7 IN RE TERM OF PARENTAL RIGHTS AS TO E.P. and H.Z. Decision of the Court
¶27 The court found that “[H.Z. and E.P.] would benefit from termination of the parental child-relationship because they need a safe, stable home, free of substance abuse, and someone who is able to ensure their needs are met. For the same reason, it would be a detriment to deny termination of the parent-child relationship between . . . [Mother and the children].” It also found that both children “are adoptable because their respective current placements are willing to adopt them. In addition, [H.Z.’s and E.P.’s] current respective placements are the least restrictive environments required to meet [their] needs.” Although Mother argues that alternatives such as guardianship or additional time for reunification could have addressed the lack of a safe, stable home for H.Z., the question before the juvenile court was whether termination was in the children’s best interests. Sufficient evidence supports the court’s best interests findings as to H.Z.
¶28 As to E.P., Mother argues, without citing any legal authority, that terminating her parental rights to E.P. was not in E.P.’s best interest because Jeremy P.’s parental rights were intact and thus, E.P. could not be adopted. But the juvenile court’s best interests determination was not based solely on E.P.’s potential adoptability. The court also considered how E.P. would benefit from termination, focusing on E.P.’s interest in stability and security, noting that E.P.’s father credibly testified to her bond with, and the great care taken of her by, her current placement and noting her placement is meeting her needs. See Bennigno R. v. Ariz. Dep’t of Econ. Sec., 233 Ariz. 345, 350 (App. 2013) (in determining whether a child would benefit from termination, one relevant factor is “whether the current placement is meeting the child’s needs”); Maricopa Cnty. Juv. Action No. JS- 500274, 167 Ariz. at 5; Kent K., 210 Ariz. at 286, ¶ 35.

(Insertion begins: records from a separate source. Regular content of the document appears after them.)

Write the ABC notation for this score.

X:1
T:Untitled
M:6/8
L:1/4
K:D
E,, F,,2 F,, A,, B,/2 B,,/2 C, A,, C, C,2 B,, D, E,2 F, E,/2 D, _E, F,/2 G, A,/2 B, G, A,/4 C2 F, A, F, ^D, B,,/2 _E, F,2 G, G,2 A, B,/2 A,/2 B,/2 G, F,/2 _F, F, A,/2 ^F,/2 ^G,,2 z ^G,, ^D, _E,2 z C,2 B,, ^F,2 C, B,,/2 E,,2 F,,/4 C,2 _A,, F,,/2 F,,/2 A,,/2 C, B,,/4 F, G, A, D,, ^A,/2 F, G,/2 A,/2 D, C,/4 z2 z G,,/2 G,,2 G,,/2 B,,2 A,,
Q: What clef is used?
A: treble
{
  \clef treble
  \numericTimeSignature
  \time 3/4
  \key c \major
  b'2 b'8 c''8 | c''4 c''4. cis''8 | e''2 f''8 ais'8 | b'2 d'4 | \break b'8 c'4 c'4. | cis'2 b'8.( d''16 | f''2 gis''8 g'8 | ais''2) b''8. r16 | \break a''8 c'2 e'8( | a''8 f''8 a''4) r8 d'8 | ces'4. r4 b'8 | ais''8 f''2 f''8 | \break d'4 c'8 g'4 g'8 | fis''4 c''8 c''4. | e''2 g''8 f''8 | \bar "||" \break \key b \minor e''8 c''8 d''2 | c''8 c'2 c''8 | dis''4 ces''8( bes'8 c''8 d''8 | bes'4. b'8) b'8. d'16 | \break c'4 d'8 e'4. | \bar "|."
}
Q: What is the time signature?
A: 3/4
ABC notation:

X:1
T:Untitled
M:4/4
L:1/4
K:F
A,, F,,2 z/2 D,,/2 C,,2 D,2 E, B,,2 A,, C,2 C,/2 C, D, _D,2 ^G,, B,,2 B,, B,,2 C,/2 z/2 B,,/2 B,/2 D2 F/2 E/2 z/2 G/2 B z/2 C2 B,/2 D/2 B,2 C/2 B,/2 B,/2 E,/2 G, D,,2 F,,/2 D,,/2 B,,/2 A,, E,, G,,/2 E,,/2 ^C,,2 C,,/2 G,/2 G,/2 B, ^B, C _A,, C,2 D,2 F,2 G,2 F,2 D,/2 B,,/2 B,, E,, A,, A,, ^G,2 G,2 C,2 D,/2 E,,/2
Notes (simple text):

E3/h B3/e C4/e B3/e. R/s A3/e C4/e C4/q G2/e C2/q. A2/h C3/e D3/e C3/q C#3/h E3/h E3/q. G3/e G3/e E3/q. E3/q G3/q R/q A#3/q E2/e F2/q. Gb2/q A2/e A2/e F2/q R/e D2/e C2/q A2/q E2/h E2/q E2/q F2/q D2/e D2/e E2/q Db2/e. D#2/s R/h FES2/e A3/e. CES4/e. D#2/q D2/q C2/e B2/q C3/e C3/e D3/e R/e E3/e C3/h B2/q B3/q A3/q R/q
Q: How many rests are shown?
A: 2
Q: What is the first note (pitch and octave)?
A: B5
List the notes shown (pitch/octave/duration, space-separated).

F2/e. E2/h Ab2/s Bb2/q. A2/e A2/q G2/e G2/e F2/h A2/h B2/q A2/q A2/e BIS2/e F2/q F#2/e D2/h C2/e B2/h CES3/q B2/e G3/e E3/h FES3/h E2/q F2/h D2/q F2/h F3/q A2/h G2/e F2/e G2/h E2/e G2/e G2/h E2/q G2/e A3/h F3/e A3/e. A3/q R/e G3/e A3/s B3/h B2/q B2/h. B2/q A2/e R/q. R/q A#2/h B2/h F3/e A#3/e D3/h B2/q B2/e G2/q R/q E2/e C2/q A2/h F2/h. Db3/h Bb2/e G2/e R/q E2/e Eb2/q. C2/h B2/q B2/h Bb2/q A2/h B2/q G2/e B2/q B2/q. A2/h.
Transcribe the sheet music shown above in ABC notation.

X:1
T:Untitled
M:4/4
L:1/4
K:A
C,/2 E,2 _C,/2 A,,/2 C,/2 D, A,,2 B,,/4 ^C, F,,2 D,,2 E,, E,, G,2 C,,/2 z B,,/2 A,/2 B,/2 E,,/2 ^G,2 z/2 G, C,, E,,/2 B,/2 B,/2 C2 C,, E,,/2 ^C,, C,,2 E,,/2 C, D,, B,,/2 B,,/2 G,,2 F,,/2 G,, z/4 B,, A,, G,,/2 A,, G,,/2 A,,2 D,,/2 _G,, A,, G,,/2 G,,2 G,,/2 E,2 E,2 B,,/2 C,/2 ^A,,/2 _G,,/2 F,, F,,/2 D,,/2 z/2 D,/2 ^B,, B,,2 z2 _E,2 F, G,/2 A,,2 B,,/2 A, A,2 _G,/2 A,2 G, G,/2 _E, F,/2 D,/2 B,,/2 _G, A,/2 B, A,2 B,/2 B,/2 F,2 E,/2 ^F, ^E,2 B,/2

¶29 The court determined Mother’s chronic substance abuse negatively affected her ability to appropriately supervise and care for E.P. The evidence showed that Mother often failed to monitor E.P. adequately, requiring others to intervene to prevent the child from putting objects in her mouth, for instance. The court noted that Mother’s lack of supervision placed E.P. at risk, noting the child was too young to protect herself from harm. The record shows that after considering the totality of the circumstances, the court determined E.P. would benefit from a safe and stable home free from Mother’s ongoing substance abuse. It therefore did
8 IN RE TERM OF PARENTAL RIGHTS AS TO E.P. and H.Z. Decision of the Court
not abuse its discretion in finding termination of Mother’s parental rights was in E.P.’s best interests. See Alma S., 245 Ariz. at 148, ¶ 1.2
CONCLUSION
¶30 We affirm.
MATTHEW J. MARTIN • Clerk of the Court FILED: JR
2 In December 2025, Mother filed a motion to supplement the record and a
motion for procedural order, arguing this case presents an extraordinary circumstance because E.P. has since been reunited with Jeremy P., a fact unavailable at the time of briefing. Arizona Rule of Civil Appellate Procedure (“ARCAP”) 11(g) permits correction or modification of the record only in limited circumstances, including when “anything material to either party is omitted from or misstated in the record by error or accident.” Here, however, the information does not meet the rule criteria above. And the motion does not specifically explain how this development relates to the best-interest determination. Even if it did, we would reach the same conclusion. The juvenile court’s best interests finding did not rest solely on adoptability, and E.P.’s reunification with her father does not alter the analysis applied at the time of termination. Because this information does not affect our decision, it is not material under ARCAP 11(g), and we therefore deny the motion.